What we do with pines as bonsai, by placing them in small pots, plucking needles, trimming branches, breaking/trimming candles, and timing the application of fertilizer is to bring the vigorous growth into controlled submission. We want controlled growth which produces short internodes and needles, all the while maintaining strength and health in the tree. Each of the techniques mentioned weakens the tree somewhat, which is why fertilization, at the appropriate times, is key.
Lets begin: Fall
Assuming the tree is healthy*, we'll begin training in the fall when we pluck needles. Depending on the vigor of the tree and its history, leaving anywhere from 2-8 bundles of needles on each branch(let) is appropriate. Simply, in the areas that are most vigorous, leave the least number of needles. (The apex and outer areas of the branches will be the most vigorous. The bottom branches and interior branching will be the weakest.) By doing that, the strength and energy is being balanced throughout the tree. The fewer needles clogging up the tree, the more sunlight can hit those branches (and the trunk?) and activate the adventitious buds.
Late-fall or Early-winter
Later in the fall or early part of winter is best for pruning pines. The sap that gums up our tools and sticks to our fingers when we work on a pine tree in the middle of summer has all but subsided by now. The more important reason to wait until late-fall or winter is that the loss of this sap means loss of the tree's energy. While the growth that we desire is controlled, that does not mean that we are willing to waste any of the trees energy just to get shorter needles or nodes. We'd rather see new buds being pushed, thereby taking away some of the vigor of other parts of the tree, and necessarily shortening needles all over, than to have the sap spilling out onto the trunk or our pots. Now is also a great time to wire pines. The slowed-growth period between early fall and spring allows the branches being bent with wire time to "set." Be careful not to wire too early since I've noticed pines put on a good amount of girth in the trunk during early fall. At least watch to make sure the wire doesn't bite in.
Pines don't require much attention during our winter. They don't usually need any protection from our cold, but placing them on the ground under the bench won't hurt. Be careful that they don't get too much water during some of our winter rainy season. Tipping the pot is helpful, though admittedly it may not be completely necessary. A light fertilizer applied once monthly or bimonthly will keep the tree healthy and showing good color. A few organic fertilizer cakes left on the soil is a simple way to make sure the tree is getting everything it needs during the times when the tree is warm enough to grow.
During late winter is a good time to take the wire off that's been on since mid-late fall. This should give plenty of time for the bends and movement to "set" but still have the wire out of the way in time for the spring rush of growth ...and avoid possibility for scarring.

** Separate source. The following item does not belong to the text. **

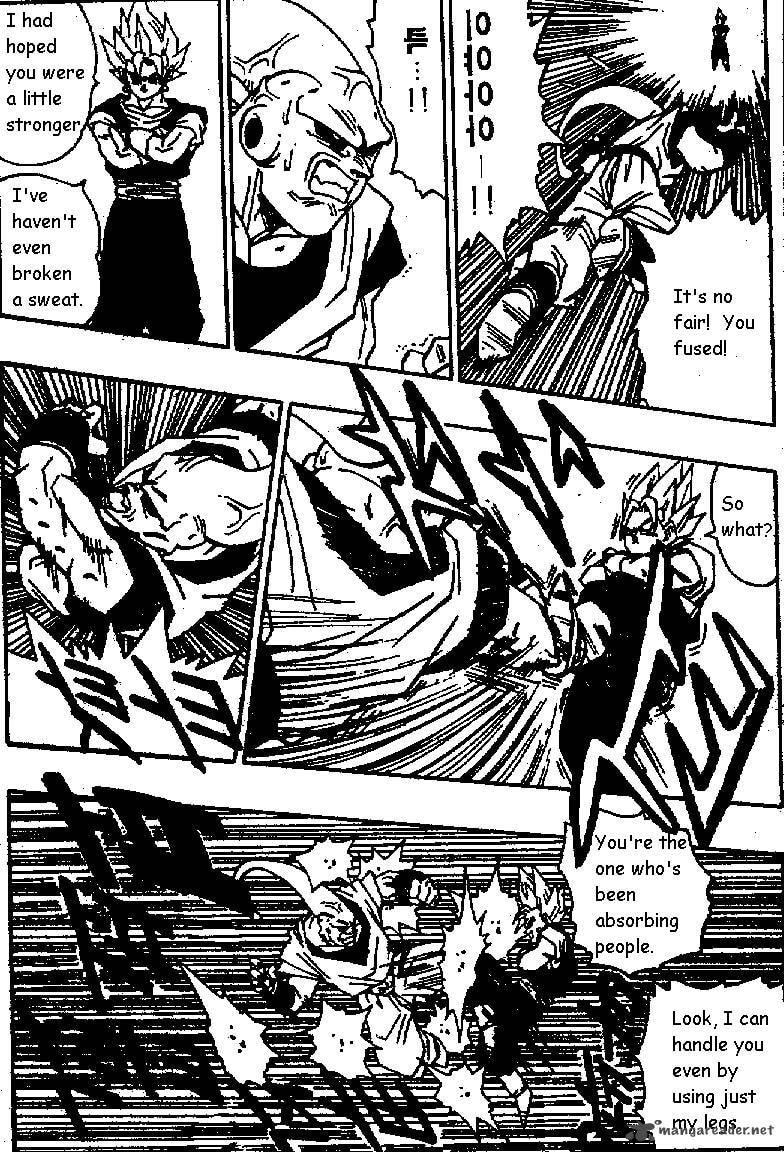 Dragon Ball Chapter 506 page 6 -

Watch for the earliest signs of growth in the spring. Well, there's really nothing much to do now besides get excited that your trees are waking up and rewarding you for all your hard work during the fall. New buds should be developing along the branchlets closer to the trunk from the pruning and needle-plucking during the fall. Depending on how strong it was growing and how hard it was pruned back ...and assuming it got plenty of sunlight during the winter, you may be rewarded with new buds even further back, possibly along the trunk. This is the holy grail of pines. You'll need to make sure after the tree starts growing that the wire that was applied during the fall does not start to scar the tree if it was left on. Spring is the time of year that the tree is growing its strongest, so be diligent or you'll be rewarded with scars that are difficult and timely to recover from.
Spring is an exciting time because your pine is changing so much. The buds become candles. You see the candles elongate. From the candles, needles burst out and then you get to watch them lengthen. When you see the candles starting to lengthen, your work begins. These candles can be varying lengths. There are various schools of thought, but I recommend breaking the candle if/as it gets longer than 1 inch.

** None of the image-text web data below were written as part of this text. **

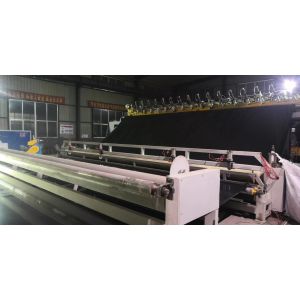 China Geomembrane Polyethylene Sheet Extrusion Line 5300mm Width on sale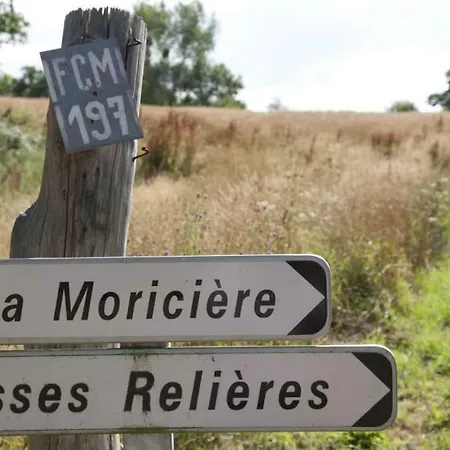 La Ferme De La Moriciere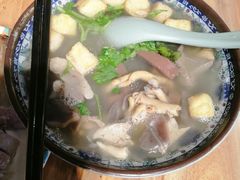 -老城南.鸭血粉丝汤(夫子庙店)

The timing of the next step is critical. After giving the tree time to use its newly formed needles from the candles that we snapped, the tree is "decandled" where we removed all or part of the new growth's candle. Leave some of the candle, and preferably needles on that candle, if no needles remain between the cut site and the trunk. It's safe to leave about 1/4" of the candle. Again, there are various schools of thought, but they follow the principle of balancing the energy in the tree.
The two main schools of thought, with their various sub-schools, are removing candles in one fell swoop or in succession depending on reverse-vigor. If the tree's energy is balanced, with needles and candles all the same size, decandling the tree all at once will not disrupt the balance of energy. If the tree is not balanced, we split the tree into sections according the vigor. If overall its growing strongly, we do this process in three steps. Otherwise, we use only the last two, leaving the weakest section of candles alone.

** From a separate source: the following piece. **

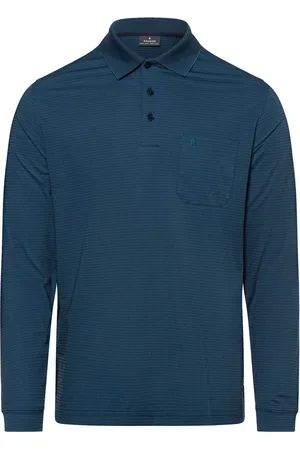 Ragman Męska koszulka polo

The timing of this process is crucial as the needles we produce during this process will be on the tree for 3 years. Time it too early and you have longer needles. Time it too late and the tree is weakened. If the tree is well-balanced, late June or early July (here, in Upstate SC) is a good time to decandle. If the tree's energy isn't balanced, we decandle the weakest section the first week of June (unless increased overall strength is required. See the 2 step process mentioned above.) The next week we decandle the section with vigor between weak and strong. The next week we finish the decandling process by removing the candles growing in the strongest area.
After each step of the decandling process, removing needles like we do in the fall will continue to direct energy where we want it to, leading to an energy-balanced tree. The needles that were left on the tree last fall can be removed. For a tree in early development, where your goal is quicker growth, you can leave those year-old needles on the tree. It will begin to look a little unkempt, but a tree this early in development isn't going to be shown anyway.
That sums it up. Continuing this process yields smaller needles, tighter internodes, and a more compact tree with increased styling options. If you really want results, check out Persiano's Superfeeding program.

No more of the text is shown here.